The third hydrocarbon processing facility 300 may comprise any new or conventional hydrocarbon processing facility capable of dehydrogenating one or more hydrogenated hydrocarbon cuts 150. For example, the third hydrocarbon processing facility 300 may be an oil refinery. The third hydrocarbon processing facility 300 may comprise any of the dehydrogenation units discussed herein (a propane dehydrogenation unit, a butane dehydrogenation unit, a steam cracker, an aromatization unit, or a naphtha reformer). For example, the third hydrocarbon processing facility 300 may include a butane dehydrogenation unit 310 and a steam cracker 320.
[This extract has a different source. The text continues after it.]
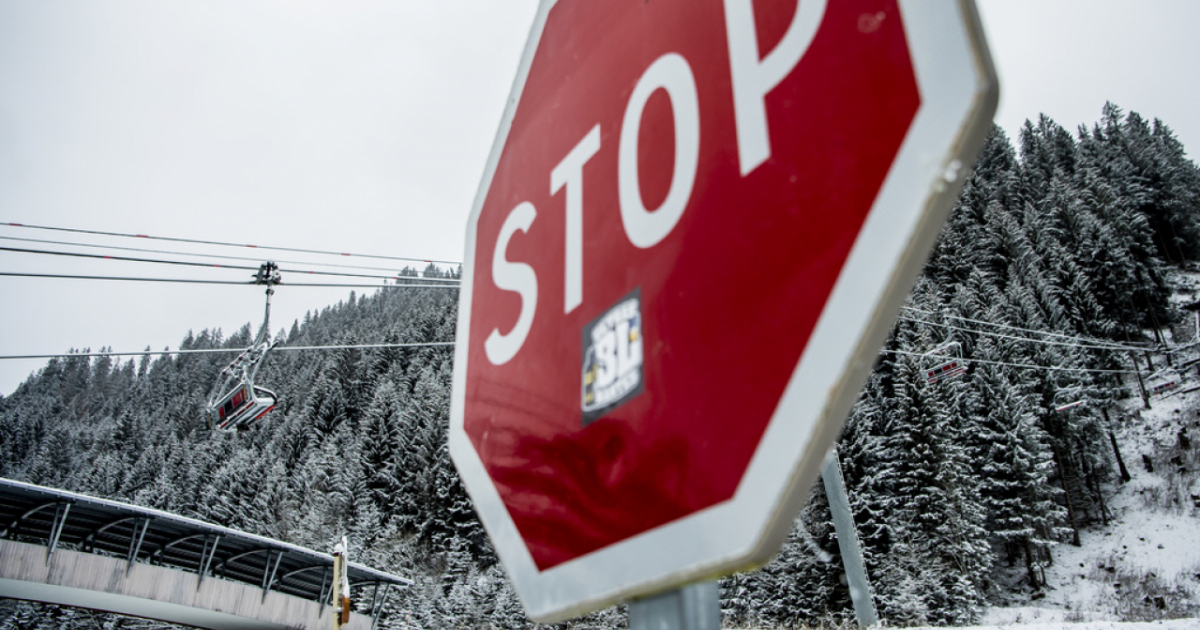 Controlli Alla Frontiera E Quarantena Per I Francesi Che Vanno A Sciare All Estero Ticinonline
The first hydrocarbon processing facility 100 and the third hydrocarbon processing facility 300 may be separate from one another. For example, the first hydrocarbon processing facility 100 and the third hydrocarbon processing facility 300 may be at least 100 km apart from one another, such as at least 200 km, at least 500 km, or at least 1000 km. In embodiments, the first hydrocarbon processing facility 100 and the third hydrocarbon processing facility 300 may reside at different latitudes or in different time zones.
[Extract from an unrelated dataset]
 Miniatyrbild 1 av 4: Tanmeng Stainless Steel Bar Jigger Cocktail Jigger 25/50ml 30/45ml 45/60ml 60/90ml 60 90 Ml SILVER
Transporting the at least one of the hydrogenated hydrocarbon cuts 150 may comprise transporting the at least one of the hydrogenated hydrocarbon cuts 150 from the first hydrocarbon processing facility 100 to the third hydrocarbon processing facility 300. The at least one of the hydrogenated hydrocarbon cuts 150 may be transported from the first hydrocarbon processing facility 100 to the third hydrocarbon processing facility 300 by tanker truck, train, ship, and/or pipeline. In embodiments, the hydrocarbons may be transported from the first hydrocarbon processing facility 100 to the third hydrocarbon processing facility 300 by tanker truck, train, and/or ship.
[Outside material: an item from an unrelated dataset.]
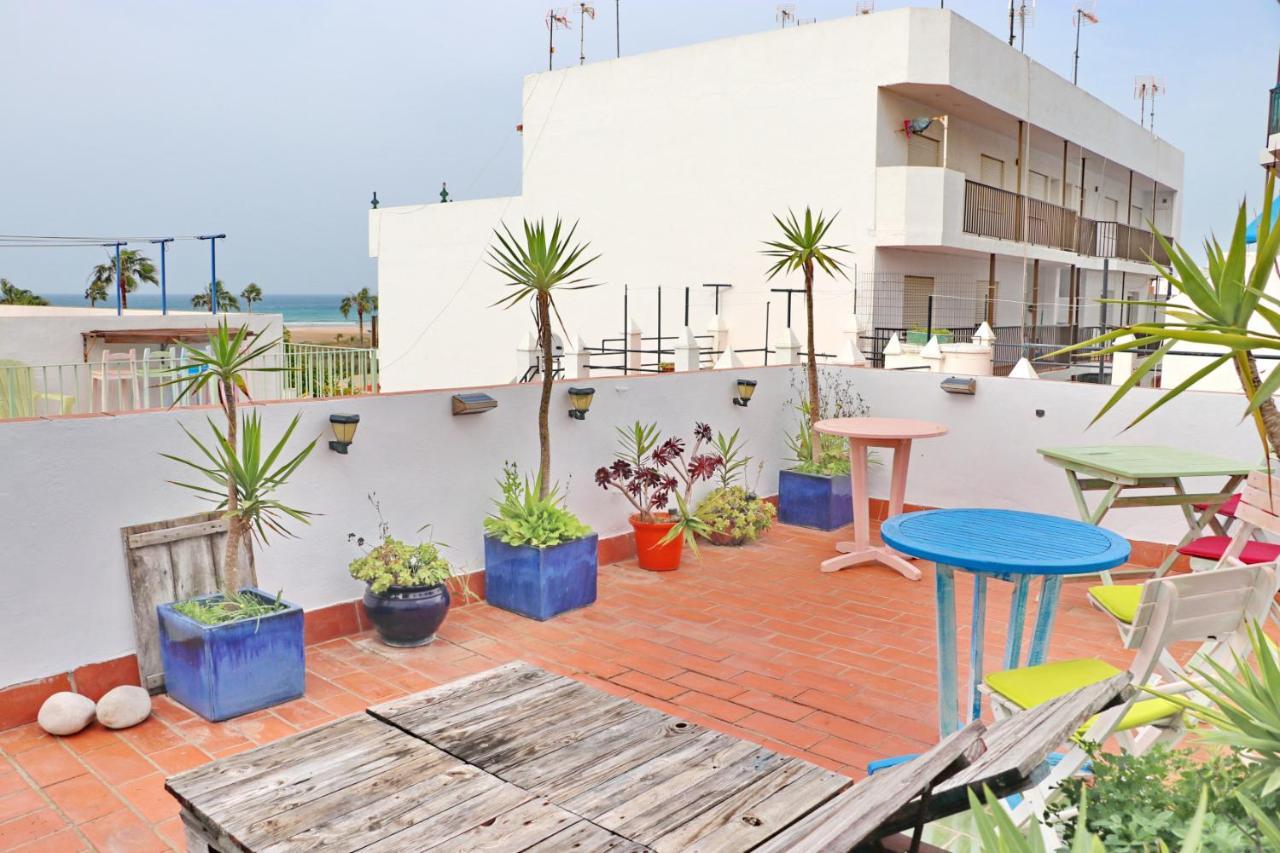 Habitacion Canaveral Playa Conil II Кониль-де-ла-Фронтера Экстерьер фото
In some embodiments, at least a portion of light naphtha stream 152 and heavy naphtha stream 153 may be transported to a fourth hydrocarbon processing facility 400. At the fourth hydrocarbon processing facility 400, the light naphtha stream 152 may be passed to aromatization unit 410, thereby producing hydrogen gas stream 412 and aromatized stream 414. Aromatization unit 410 may be substantially similar to aromatization unit 240. Hydrogen gas stream 412 may be substantially similar to hydrogen gas stream 242. Aromatized stream 414 may be substantially similar to aromatized stream 244. At the fourth hydrocarbon processing facility 400, the heavy naphtha stream 153 may be passed to naphtha reformer 420, thereby producing hydrogen gas stream 422 and reformed naphtha stream 424. Naphtha reformer 420 may be substantially similar to naphtha reformer 250. Hydrogen gas stream 422 may be substantially similar to hydrogen gas stream 252. Reformed naphtha stream 424 may be substantially similar to reformed naphtha stream 254.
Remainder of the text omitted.